Long Tail Keyword Building:
The Concatenation Tool, as mentioned in my previous blog, will help create lists of longtail keywords and keep consistent keyword lists across ad groups. Use the columns to put different descriptors and adjectives for the base keywords, and see how many variations you can come up with. In my example below, I used the concatenation tool to develop a starting list of hotel themed keywords:
Traffic Estimator: After you’ve developed a final keyword list, place the terms in the Google Traffic Estimator to see predictions on average cost-per-clicks, local and global monthly searches, daily clicks, and daily cost. As mentioned above with the keyword tool, the traffic estimator does not guarantee 100% accuracy or consistency but it will give a good idea of expensive terms. The traffic estimator works similarly to the Google Keyword tool, but only provides traffic for the words you submit. In the example below, you can see the traffic estimator’s results for the term “Book hotel in New York”.
Keywordspy.com is a subscription based tool that allows you to see statistics on competitive terms.
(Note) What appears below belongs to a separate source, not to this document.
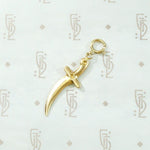 Curvy Little 18k Gold Scimitar Charm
By using keyword spy, you can see a list of competitor’s keywords and CPC’s, ad copy variations by term, how often related keywords appear, among other insightful data. This tool is helpful for pinpointing areas of expansion that you competitors have already targeted. Shown below, I used keyword spy to search dell.com as an example. By selecting the PPC keywords tab, I can see a general idea of the top keywords that dell is currently bidding on:
Competition Beta: This summer, Google launched “Analyze Competition” Beta feature, available through the Adword’s Opportunity Tab. This tool is particular helpful in benchmarking your account’s performance versus other related competitor’s and the competitive industry as a whole. The tool displays your performance vs. the average of competitors in your range for impressions, clicks, CTR, and average ad position. The tool does not label specific competitors or reveal cost and conversions within the industry. Below, you can see the competition beta’s analysis of a sportswear client. For impressions, we can see how we rank in each industry category and against other advertisers:
Statistical Significance Tool:
When testing ad copy, is important to use enough historical data to yield statistically significant results. This testing site allows you to test statistical significance of your ad copys CTR and Conversion Rate by entering the clicks, impressions, and conversion rate of both ads. If the ads do not yield statistically significant differences, it may be worth testing both again!
Adwords Campaign Experiments:
Adwords Campaign Experiments (ACE) is a great way to test two different variables at the exact same time in your Adwords account. With ACE, you can duplicate and test different keywords, bids, ad groups, and placements to find areas for improvement in your campaigns. By using the real-time test results of ACE, you can eliminate potential 3rd party variables, and unveil statistically significant results. Read more on Bonnies blog to see how ACE has helped the SEER team succeed.
Listed below are Adword’s tutorials on how to run ACE campaigns:
Search Funnels: An important step in account optimization is to cut high spending keywords with little to no conversions. When doing this however, it is important to not overlook those keywords that helped users convert on a different keyword. For example, say someone searched “hotels in Philadelphia,” on a Monday, clicked on a Marriot ad, but did not convert. Then, that Friday, that same person in hopes of finding the same site, searched for “Marriot Philadelphia,” clicked on a different ad in the account, and converted. Even though the final conversion happened on “Marriot Philadelphia,” it is important to note that “hotels in Philadelphia” played an important role in the search funnel. Google Search Funnels, located on the Conversions tab (under Reporting & Tools) in Adwords, allows you to analyze which keywords received clicks and impressions before the conversion, among other helpful insight.
As mentioned earlier, these are only a few of the good tools Ive had a chance to use so far. I look forward to sharing more of my favorite tools in the future and I continue my PPC journey in 2011!